About the only time of year that cousins and other relatives from out-of-town congregated were those two weekends that bookend summer– Memorial Day and Labor Day. In between, if the fishing was good, or the weather was perfect for a camping trip, we might haul the boat and other gear along and spend a long weekend or a whole week by one of the many nice little lakes in the area. We could have the lakes pretty much to ourselves as long as we avoided the ones that had become resort-oriented, such as Spirit Lake, Lost Island and Okoboji.
Labor Day was, for so many years, the time when all the cousins arrived. It has been a town tradition since even before Labor Day was declared a national holiday, to have a parade, school reunions, a carnival, church suppers, golf tournaments, tractor pulls, ball games, and other public and private events to celebrate the holiday– the oldest continuing celebration in the nation.
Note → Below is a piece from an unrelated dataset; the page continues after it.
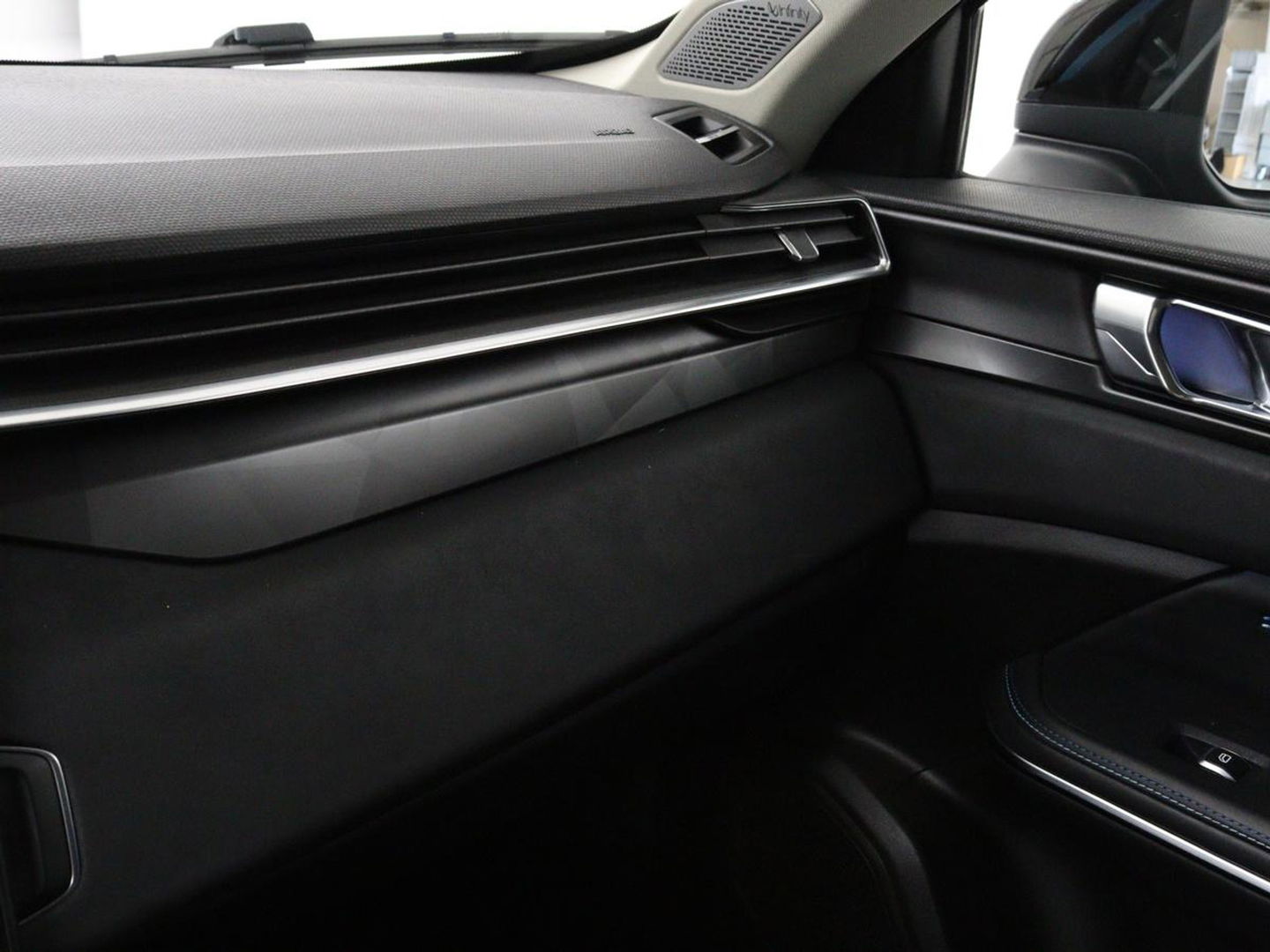Lynk & Co 01 1.5 Plug In | Panoramadak | Infinity by Harman | 360 Camera | Adaptive cruise | Stoelverwarming | Carplay | Memory | Full LED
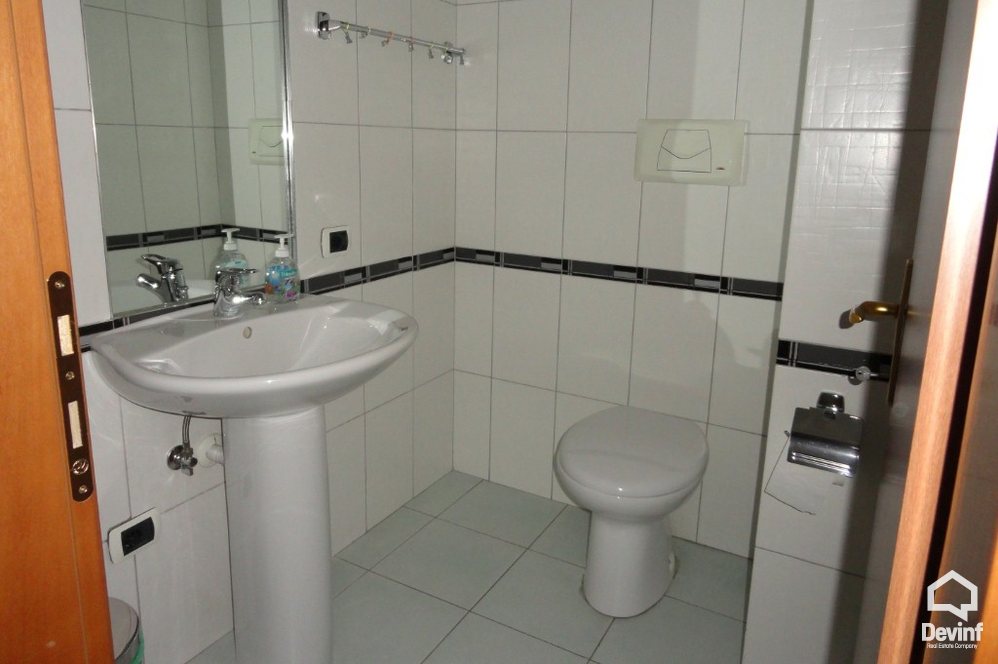Tirane Qera Apartament  Apartament ne zonen e Bllokut apartament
And when the cousins return from California and Washington State, someone is sure to ask, “is Grandma’s vine still there?” Well, it is and it isn’t.
When the family came to Iowa from Oklahoma, my husband’s grandmother planted some aggressive vines, similar to Virginia creeper, which soon climbed the porch pillars and crept across the front of the porch to hang down and shield the west windows from glaring, late-afternoon sun.
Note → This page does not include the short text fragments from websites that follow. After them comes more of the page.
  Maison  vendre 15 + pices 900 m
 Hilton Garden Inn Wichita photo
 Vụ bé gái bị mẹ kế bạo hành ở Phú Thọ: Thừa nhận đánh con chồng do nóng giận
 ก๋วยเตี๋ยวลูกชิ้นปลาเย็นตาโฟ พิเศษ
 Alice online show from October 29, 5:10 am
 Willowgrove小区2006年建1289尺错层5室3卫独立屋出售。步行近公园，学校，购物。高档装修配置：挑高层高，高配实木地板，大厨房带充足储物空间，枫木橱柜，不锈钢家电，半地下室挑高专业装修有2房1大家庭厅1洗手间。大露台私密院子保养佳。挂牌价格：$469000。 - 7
The vines survived for two more generations, putting out insignificant tiny white flowers each spring and sheltering any number of sparrows and house finches who choose to nest in the tangle of vines and leaves. They also sheltered spiders and other creepy-crawlers and retained moisture which caused paint to peel and wood to rot across the front of the porch. In the interest of preserving the porch, I removed the vines one summer, hoping the cousins would forgive me. (After all, I was only a cousin by marriage, not a real cousin, I could have been in serious trouble).
On the enclosed back porch, was a small ceramic planter containing a cactus plant that my mother-in-law had had for many years. It resembled a clump of prickly, green bubbles, anywhere from a quarter inch to an inch in diameter. For at least twenty years, I noticed no significant change in that plant. It just sat there in its little ceramic tub, neither growing nor blooming. It could just as well have been an artificial plant. When both parents had died and the house was no longer lived in year-round, the plant was brought back here and planted in an outdoor cactus garden, where it thrived, spreading rapidly and growing much larger “bubbles” that put forth tiny yellow blooms later replaced by shiny red pods. Since that time, the plant has yielded several square yards of bubbles, and seems to exist on nothing but a small amount of sandy soil, a springtime drink of water enriched with plant food, and the ample sunlight and warmth of our greenhouse. One of the several specimens we keep has completely engulfed its shallow ceramic planter (which had lived a former life as one of those over-size coffee-table ashtrays.) A living memory, it has now seen six generations of Gilbaughs.
Grandma’s vine, incidentally, has not been destroyed after all. It somehow made its way across the front lawn and has taken up residence in a row of spirea bushes. So, if anybody asks, I can honestly say that, yes, Grandma’s vine is still alive and well.